- DATA FOR THIS TASK -
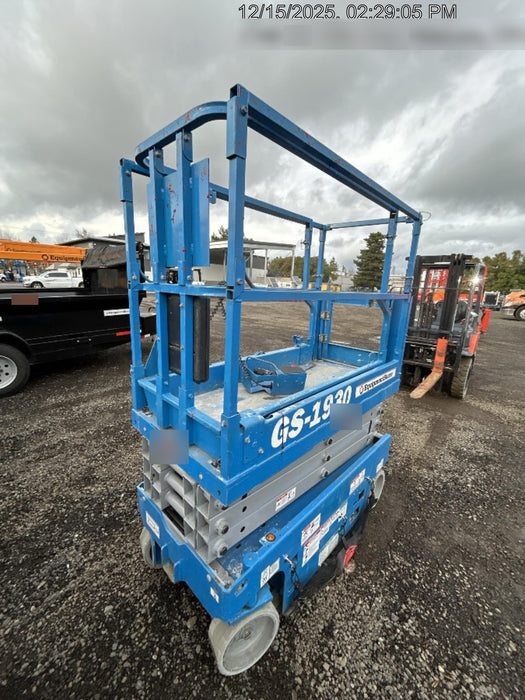 2020 Genie GS-1930 Solid Non Marking Tires, Beacon, Folding rails with half height swing gate, 800W Inverter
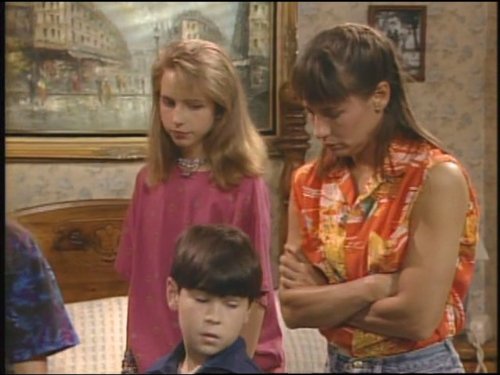 Still of Michael Fishman, Alicia Goranson and Laurie Metcalf in Roseanne (1988)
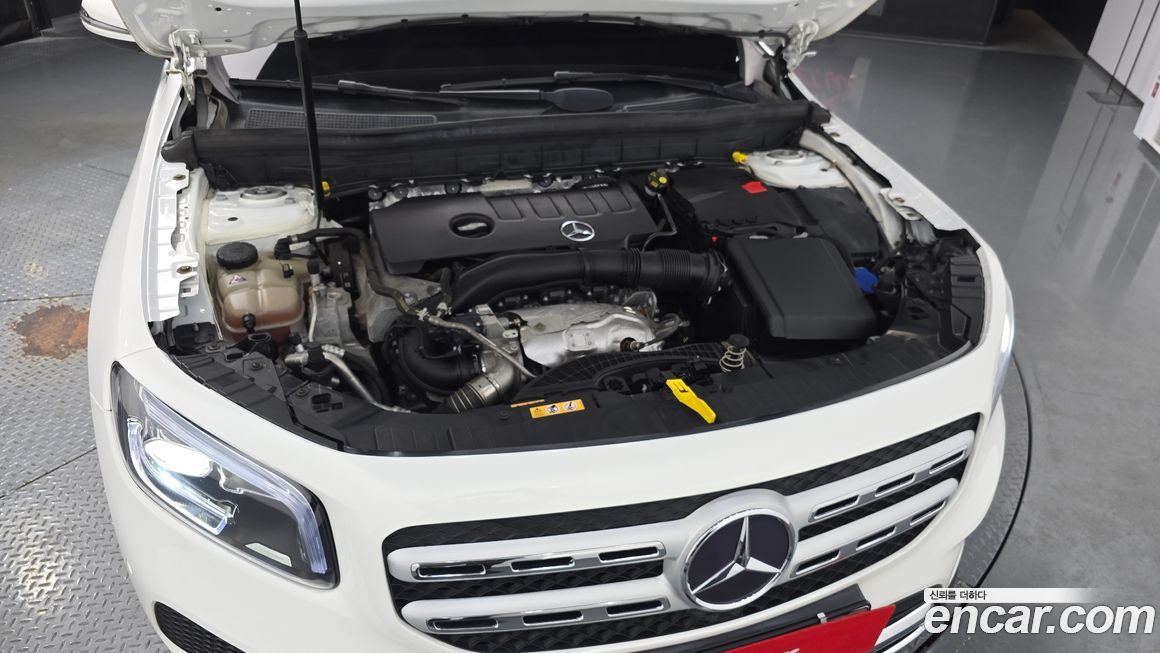 Mercedes-Benz GLB-Class 2021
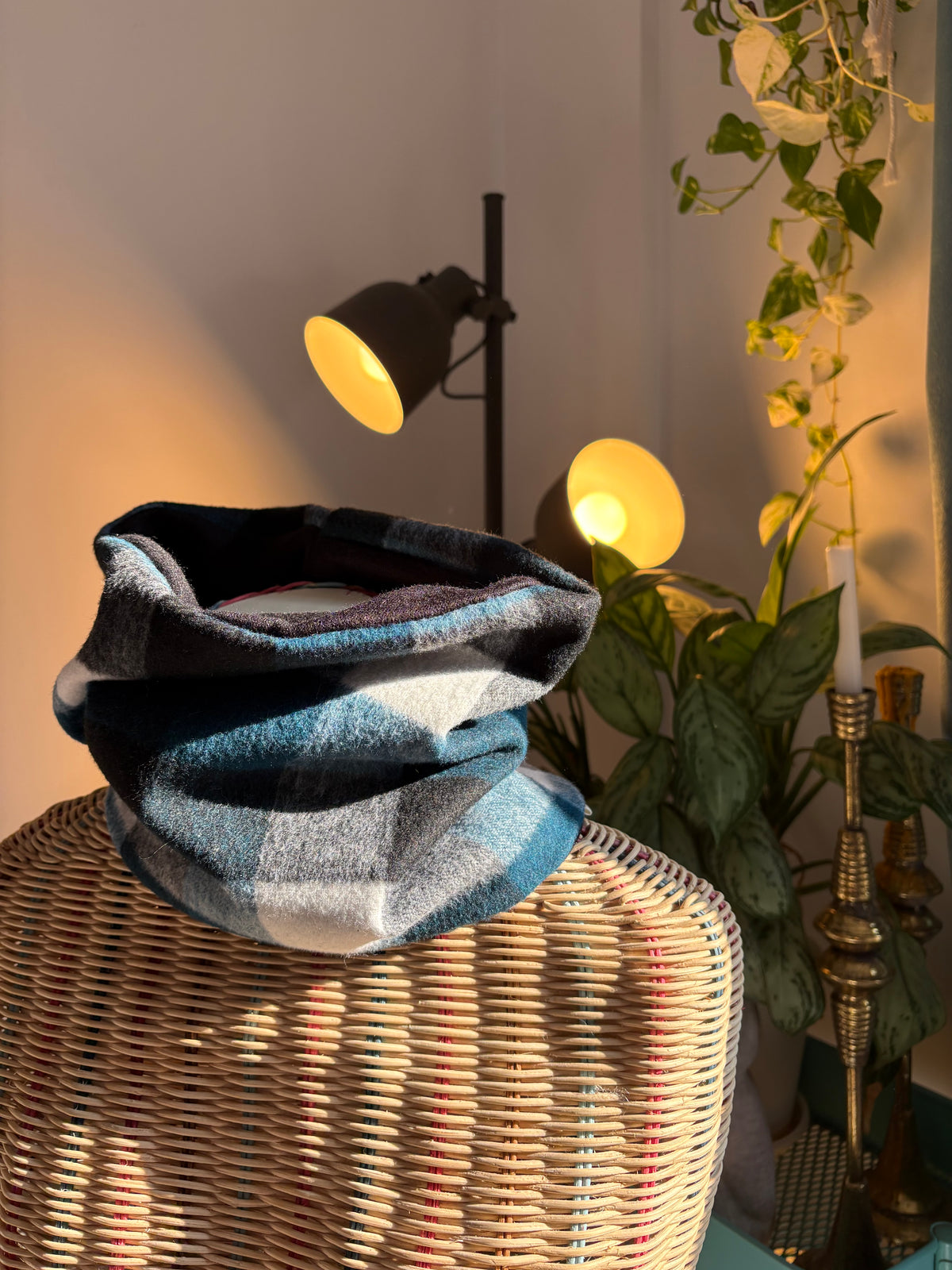 Braga de cuello Vichy azul, negro y blanco – Hecha a mano en Barcelona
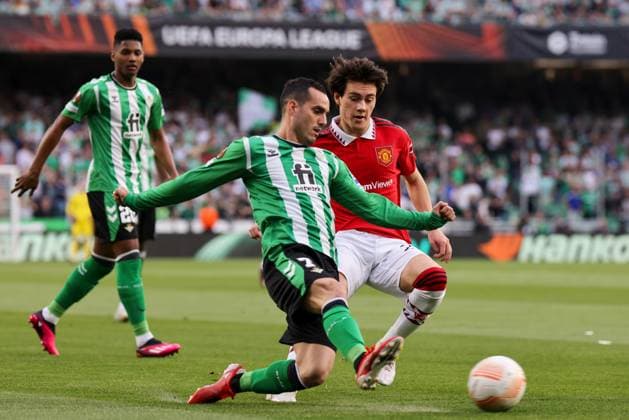 SEVILLE, SPAIN - MARCH 16: Juan Miguel Juanmi Jimenez of Real Betis control the ball during the UEFA Europa League round of 16 leg two match between Real Betis and Manchester United, ManU at Estadio Benito Villamarin on March 16, 2023 in Seville, Spain. SPO 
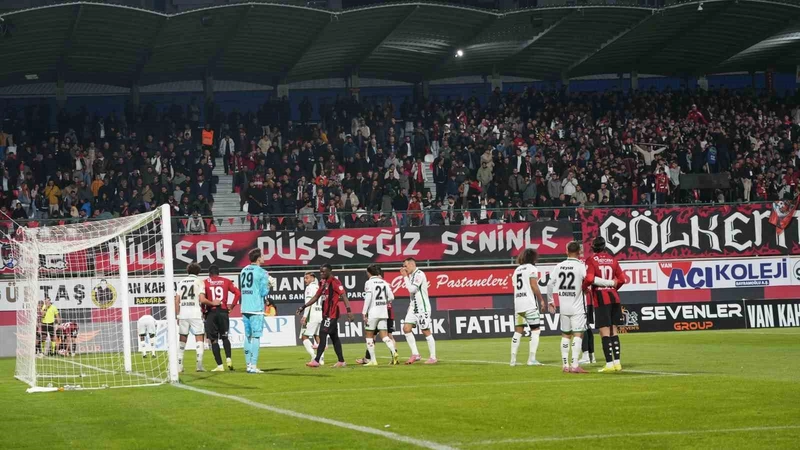 Vanspor FK, Sakaryaspor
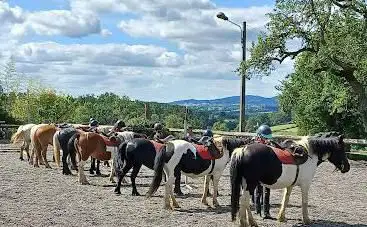 Photo de Horse Farm St Laurent - Riding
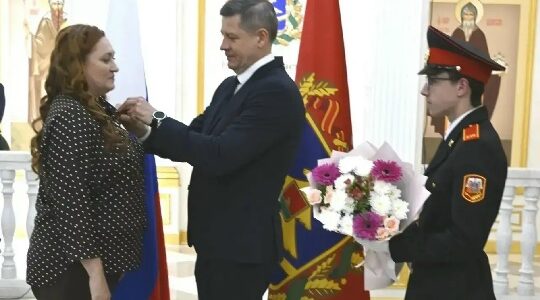 Главная медсестра детской поликлиники № 2 удостоена высокой награды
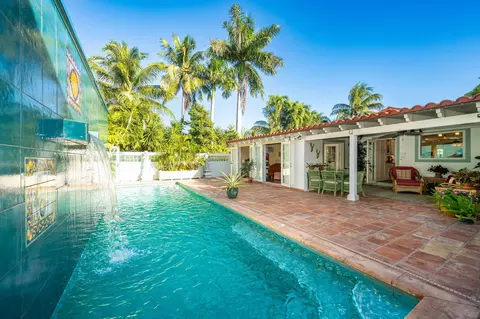 Exterior - 3735 Eagle Ave, Key West, FL 33040 photo 3 of 12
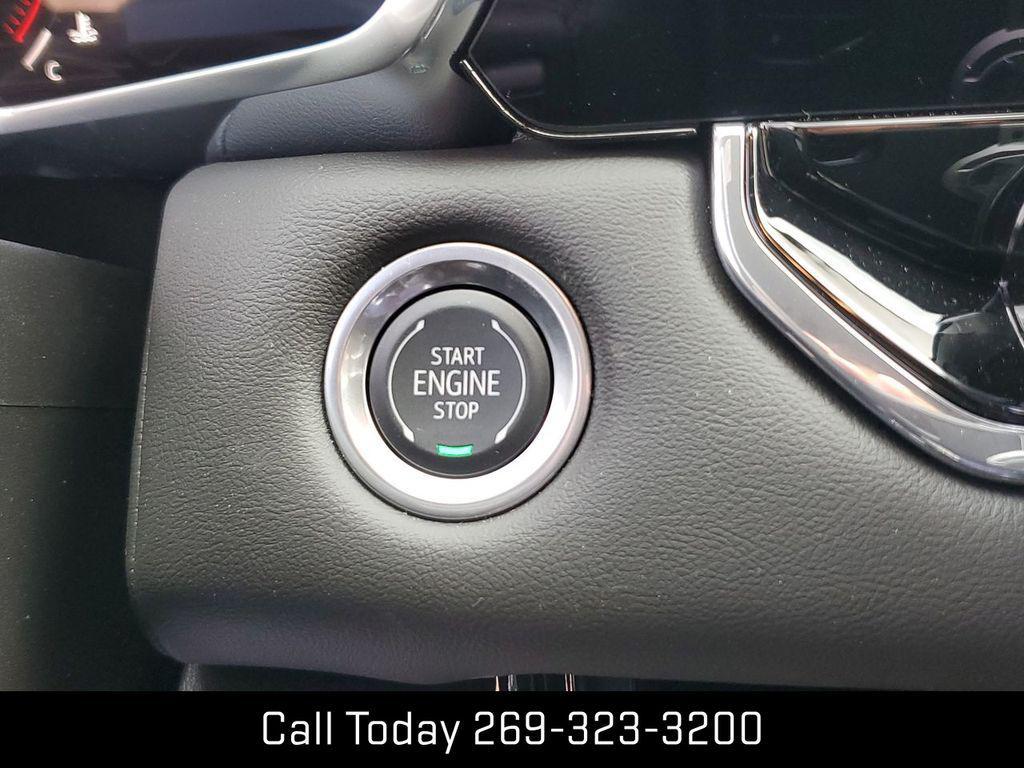 new 2024 GMC Canyon car, priced at $39,454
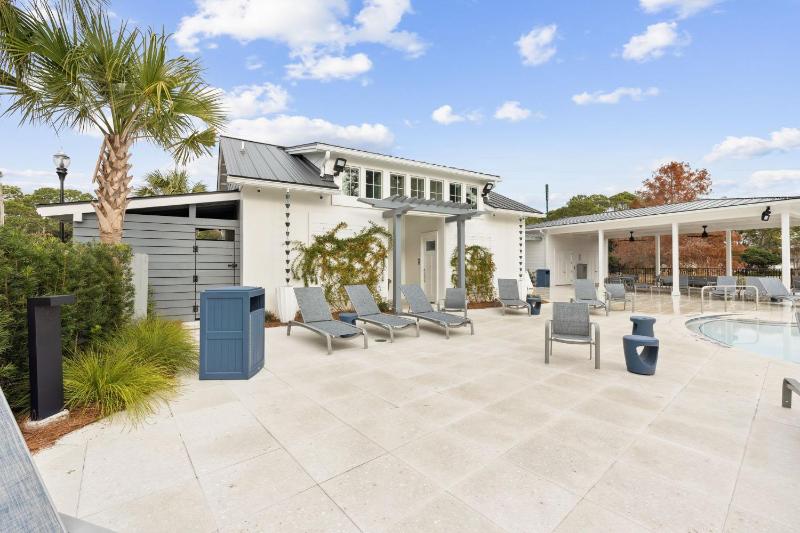 Sandestin Villa with 6-Seater Golf Cart - image 11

- DIRECTIONS FOR THIS TASK -
Word for word, print all of the data; skip the pictures.

- SOLUTION FOR THIS TASK -
 2020 Genie GS-1930 Solid Non Marking Tires, Beacon, Folding rails with half height swing gate, 800W Inverter
 Still of Michael Fishman, Alicia Goranson and Laurie Metcalf in Roseanne (1988)
 Mercedes-Benz GLB-Class 2021
 Braga de cuello Vichy azul, negro y blanco – Hecha a mano en Barcelona
 SEVILLE, SPAIN - MARCH 16: Juan Miguel Juanmi Jimenez of Real Betis control the ball during the UEFA Europa League round of 16 leg two match between Real Betis and Manchester United, ManU at Estadio Benito Villamarin on March 16, 2023 in Seville, Spain. SPO 
 Vanspor FK, Sakaryaspor
 Photo de Horse Farm St Laurent - Riding
 Главная медсестра детской поликлиники № 2 удостоена высокой награды
 Exterior - 3735 Eagle Ave, Key West, FL 33040 photo 3 of 12
 new 2024 GMC Canyon car, priced at $39,454
 Sandestin Villa with 6-Seater Golf Cart - image 11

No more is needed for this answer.